» Description of the task
Transcribe only the part of the material below that begins at the line containing "5007 Surf Avenue" and ends at the line containing "Recambio de puerta", with both kept and images left out.

Materials provided section start

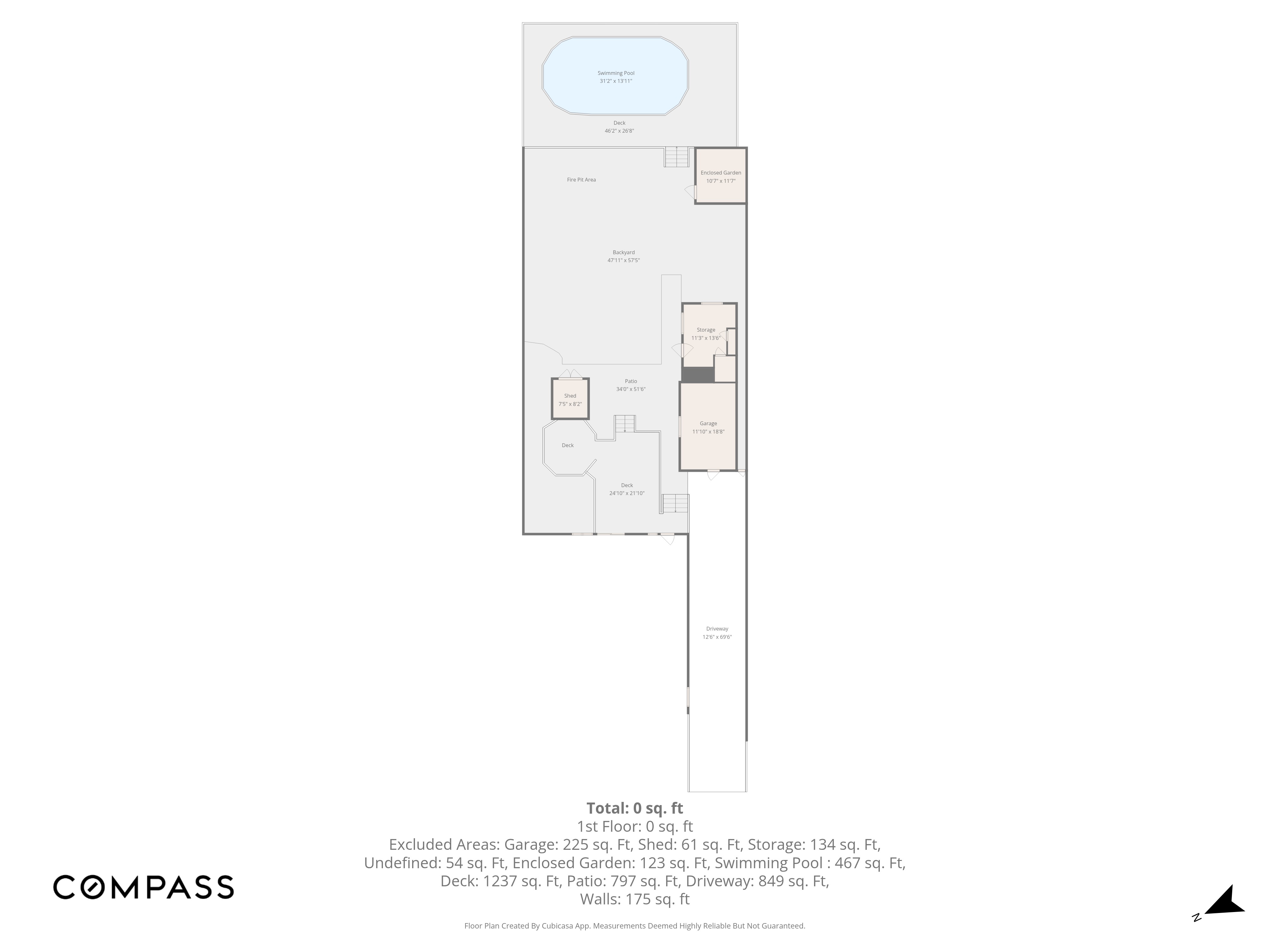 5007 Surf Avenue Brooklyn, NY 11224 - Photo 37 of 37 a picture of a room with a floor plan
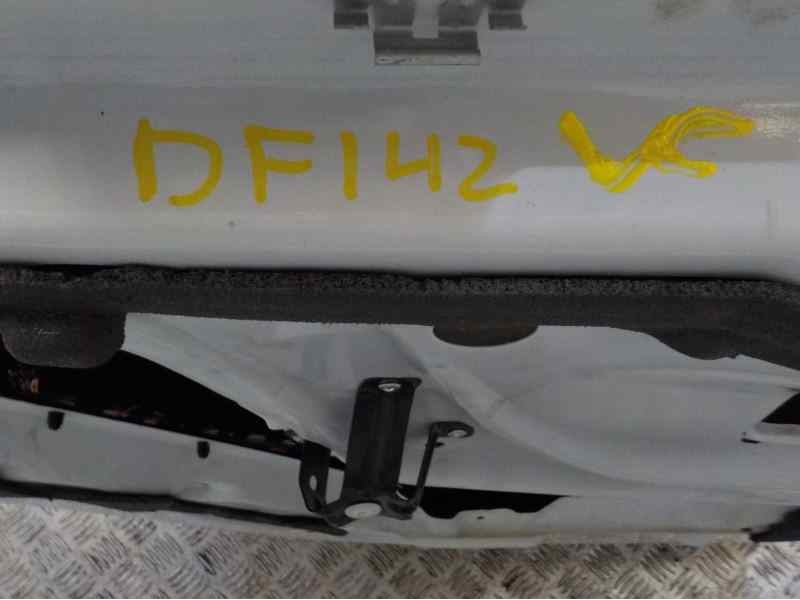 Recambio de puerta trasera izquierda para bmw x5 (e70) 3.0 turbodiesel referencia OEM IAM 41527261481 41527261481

Materials provided section end
Materials provided section start

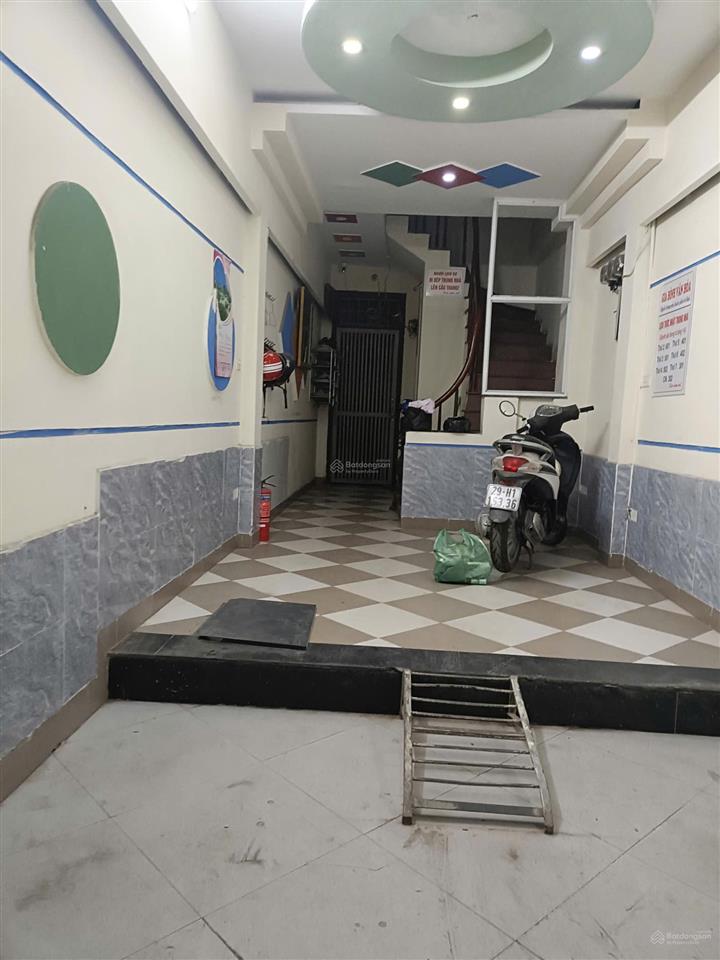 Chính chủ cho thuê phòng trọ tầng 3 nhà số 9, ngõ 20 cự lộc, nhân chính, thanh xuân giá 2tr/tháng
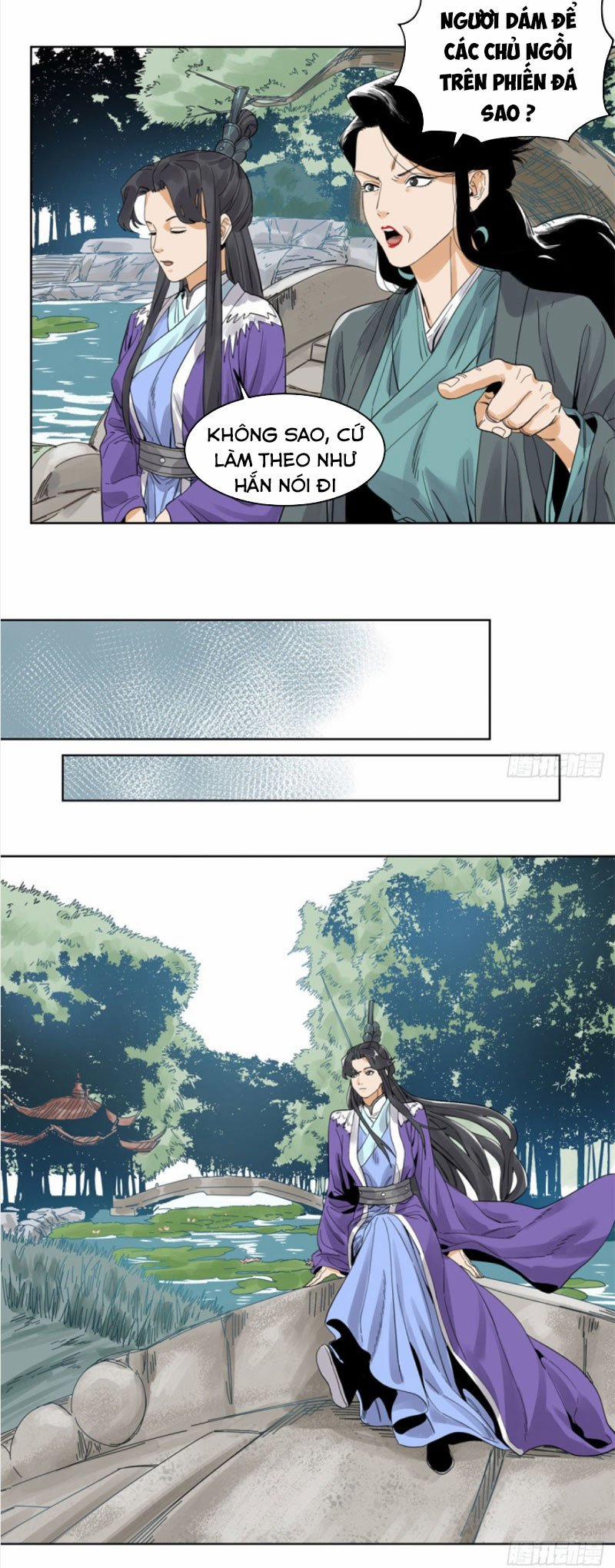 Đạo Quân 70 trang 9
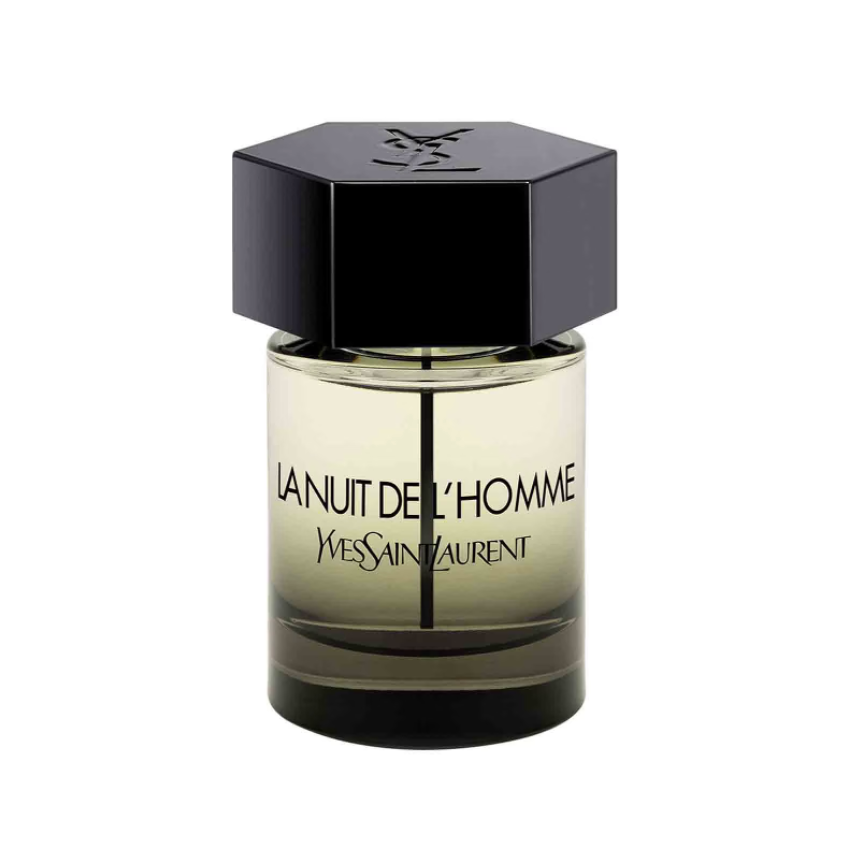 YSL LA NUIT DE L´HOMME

Materials provided section end

» Reply to the task
 5007 Surf Avenue Brooklyn, NY 11224 - Photo 37 of 37 a picture of a room with a floor plan
 Recambio de puerta trasera izquierda para bmw x5 (e70) 3.0 turbodiesel referencia OEM IAM 41527261481 41527261481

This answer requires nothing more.